Gillian Wigmore, Glory

Love and violence: I don't care what small town you're from, love and violence is the scales from which you and your beliefs are suspended. Fight me.

Or maybe we're all suspended on chains of love and violence, wherever we are or are from, but it's Gillian Wigmore's jagged, piercing novella Glory that's brought it home to me, through her fictionalized depiction of Fort St. James, BC, and so tonight I'll fight anyone who says it's not the truth about small towns.

To be clear, Glory is a story about women, three women in particular who each make this book peculiarly hers. A lesser writer would have given each her own novel, and each one could fill her own volume without much help from the others, but in Wigmore's hands we don't need those extra pages and volumes. More than that, a great novella is a work of alchemy, and that's what we're treated to in Glory.

A summary: young Danny and Renee Chance flee Vancouver's housing market, making like Maggie Lloyd in Swamp Angel but as a couple lugging a baby named Thomas, heading for Danny's childhood cabin outside Fort St. James. Once there, Danny is subsumed into work at the lumber mill, and Renee is consumed by motherhood: inexperienced, exhausted, in winter, outside town, without a vehicle or visitors or the internet. Desperate, one evening she leaves the baby with her husband but can't force herself into the perky mom yoga class, and all in a moment she falls head over heels, intoxicated and intoxicatingly, into the orbit of local bar star (and so, so much more) Glory Stuart, who is herself impossible to summarize. An absolute cataclysm ensues.

The network of relationships among the novella's dozen or so significant on-screen characters is intricately tangled and overlapping, but Glory fires everyone. To some extent everyone in Fort St. James is chasing glory / Glory in this novella, from her two non-overlapping lovers and her cousin / musical partner Crystal, to her daughter Juniper she's long ago surrendered to her own father and the nerves-on-the-outside Renee.  No one who comes near Glory can depart without scars, which is a power she seems never to have quite minded.

In providing the story's frame, Danny and Renee function as stand-ins for Glory's urban and #CanLit readers, so we can see ourselves in Wigmore's imagined Fort St. James.
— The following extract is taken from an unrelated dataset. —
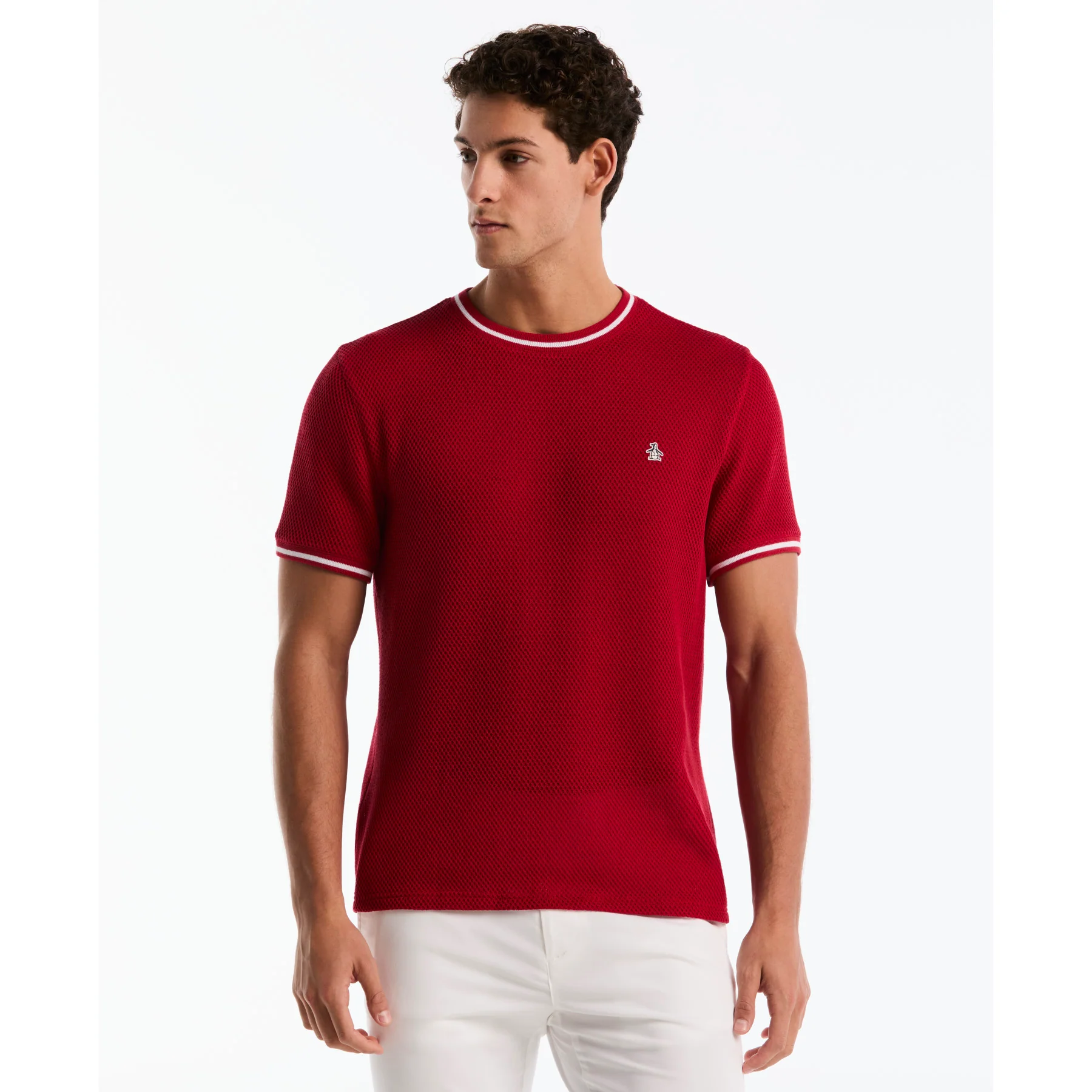 Jacquard Honeycomb Texture T-Shirt In Red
We live inside Renee's life early on; her flight from Vancouver with Danny really does feel like Maggie Lloyd's, and her suffering motherhood is familiar and intimate and recognizably shudder-inducing. Once she enters the reeling revelry of community in Fort St. James, an air of danger surrounds her, and it's hard to take your eyes off her even though the novel's not named after her.
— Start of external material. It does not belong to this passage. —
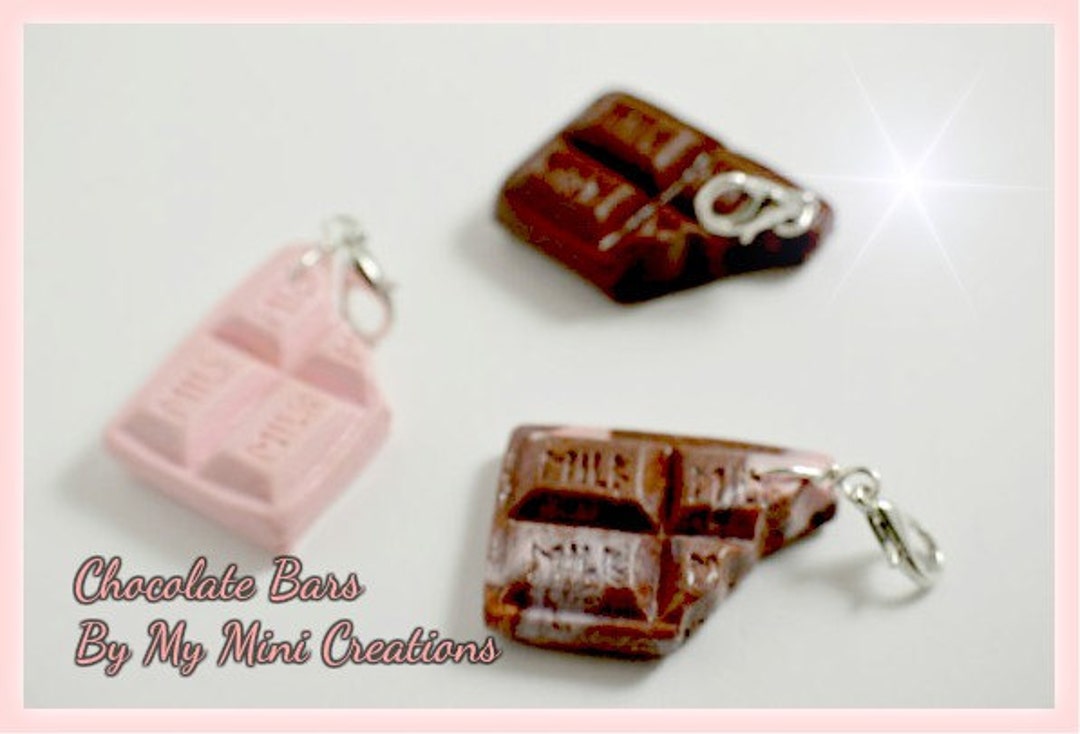 Chocolate Bar Charm Set Polymer Clay Miniature Food Etsy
And yet for me it's neither Glory's novel, though we all live in Glory's world, nor Renee's, even if her eyes provide invaluable insight into Fort St. James and the people of this novel. It's Crystal whose strength keeps the novella, its families, and the town alive. Crystal is mostly inexplicable and inaccessible to others, so our insight through her occasional first-person narration feels a treat. In Crystal's largely unarticulated anxieties and hopes, Wigmore has stealthily given her readers a remarkable character.

But I'm going to stop piling up words. The women in your life need this book, maybe almost as much as the men do. Buy it for them.

Ten years ago, I picked Rita Wong's forage over Wigmore's Soft Geography, when I wanted to teach a recent, environmentally minded book of poetry by a BC woman writer. I don't regret that decision at all; a student's project for that course survives still as the basis for Wong's Wikipedia page, and I've taught forage once more since then as well as Wong's undercurrent. The next chance I get, though, I'm teaching GlorySteven Beattie's view be hanged ("Wigmore manages to inject shopworn tropes with a vibrant urgency": bite me, seriously).